Population Receptive Field Topography
The visual cortex is retinotopically organized. That means that adjacent locations in the visual space map on to nearby locations in the visual cortex. Thanks to new analysis techniques we are able to estimate the population receptive fields (pRF) voxel by voxel in the visual cortex. Our team has developed a method to estimate a linear pRF topography model.
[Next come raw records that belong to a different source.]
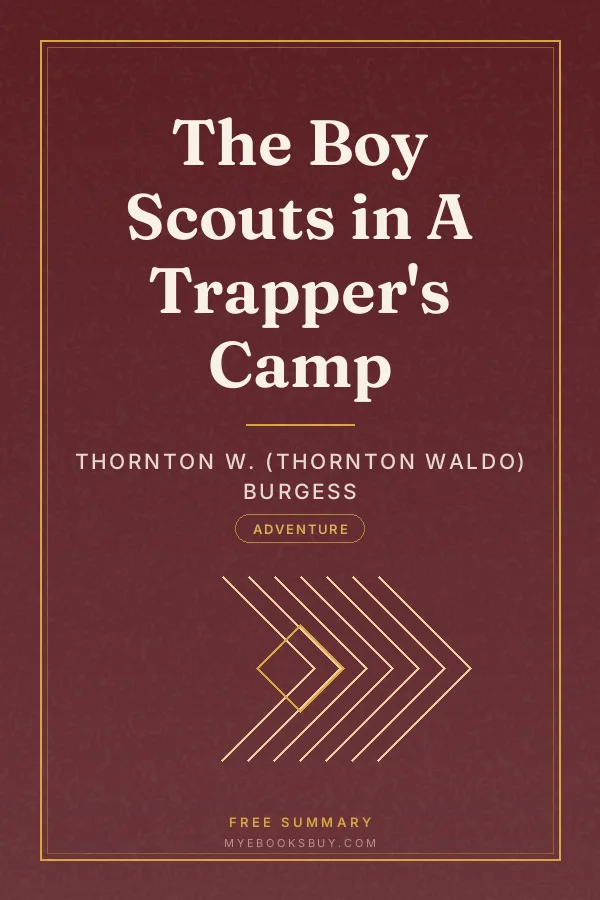 Cover of The Boy Scouts in A Trapper's Camp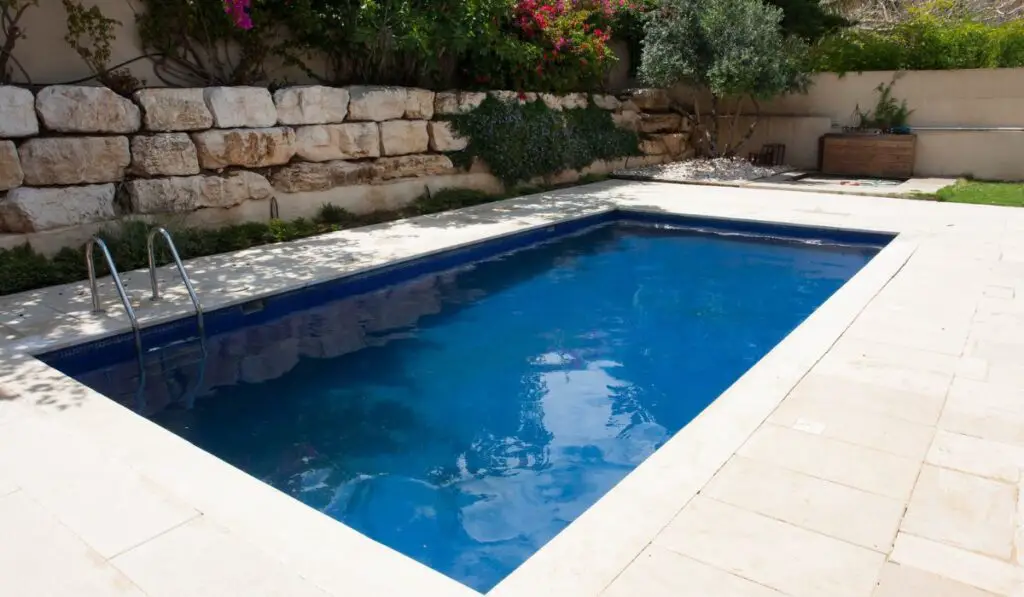 Modern backyard with swimming pool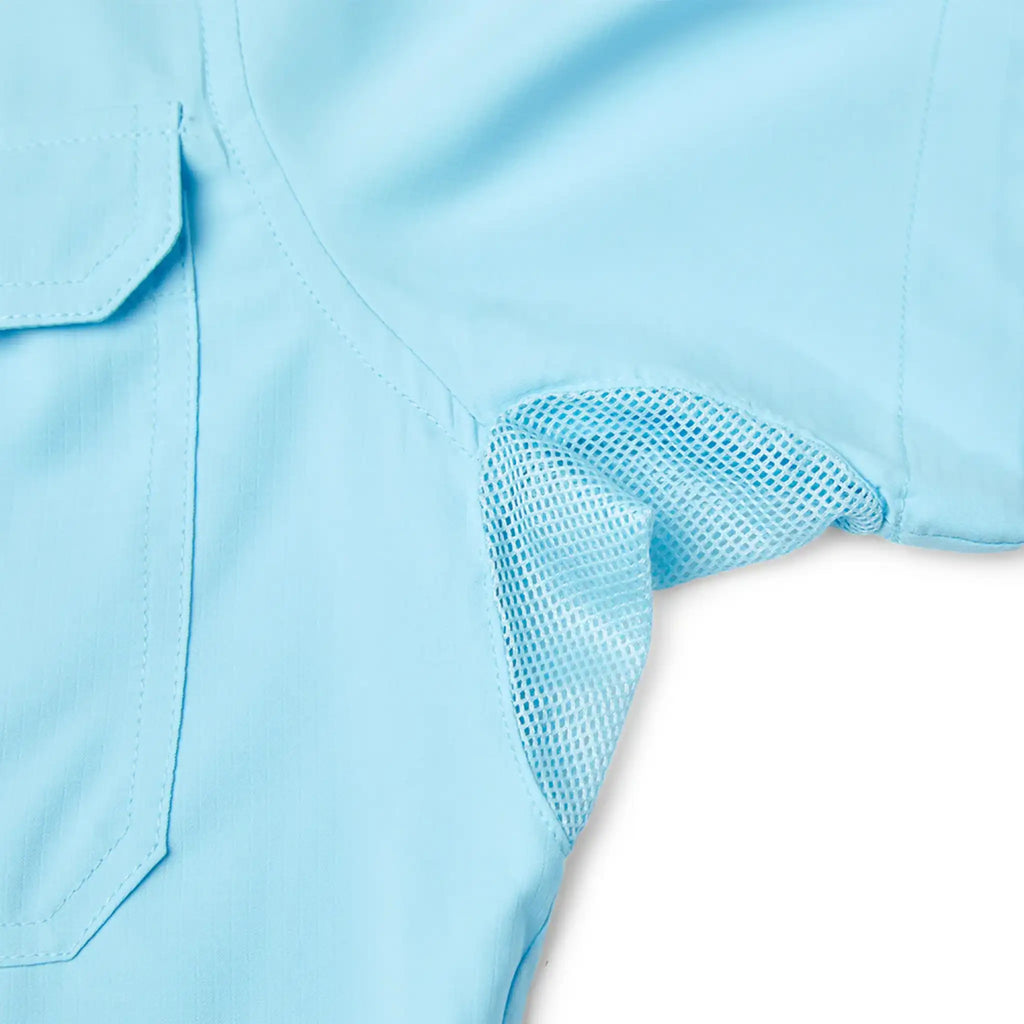 Pelagic - Ws Keys Short Sleeve Fishing Shirt - Tahiti Blue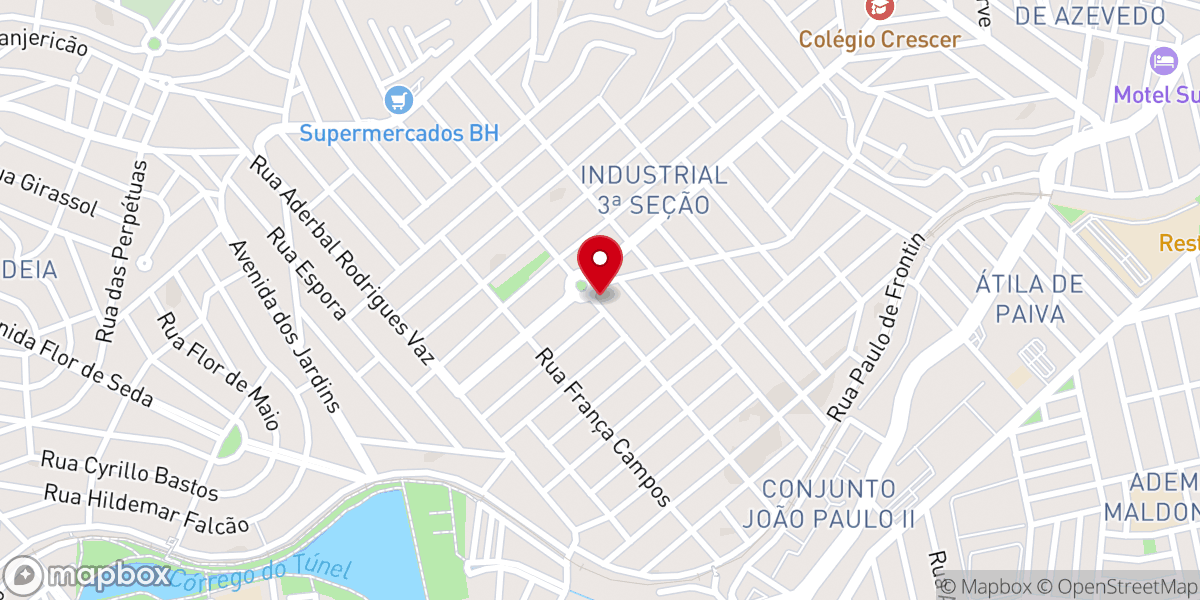 Map showing location of Paróquia São José Operário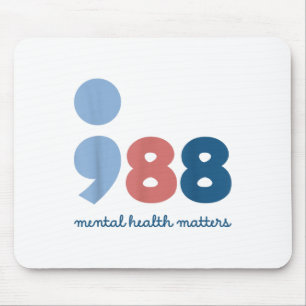 988 Mental Health S Suicide Prevention Awareness Mouse Pad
The pRF structure is modeled as a set of weights that can be estimated by solving a linear model that predicts the Blood Oxygen Level-Dependent (BOLD) signal using the stimulus protocol and the canonical hemodynamic response function. The resulting linear equations can be solved for the pRF weight vector using the ridge regression, giving us the pRF topography. This method does not make a priori assumptions about the specific pRF shape and is therefore a useful tool for uncovering the underlying pRF structure at different spatial locations in an unbiased way. In addition, it is particularly attractive for monitoring pRF properties in the visual areas of subjects with lesions of the visual pathways, where it is difficult to anticipate what shape the reorganized pRF might take.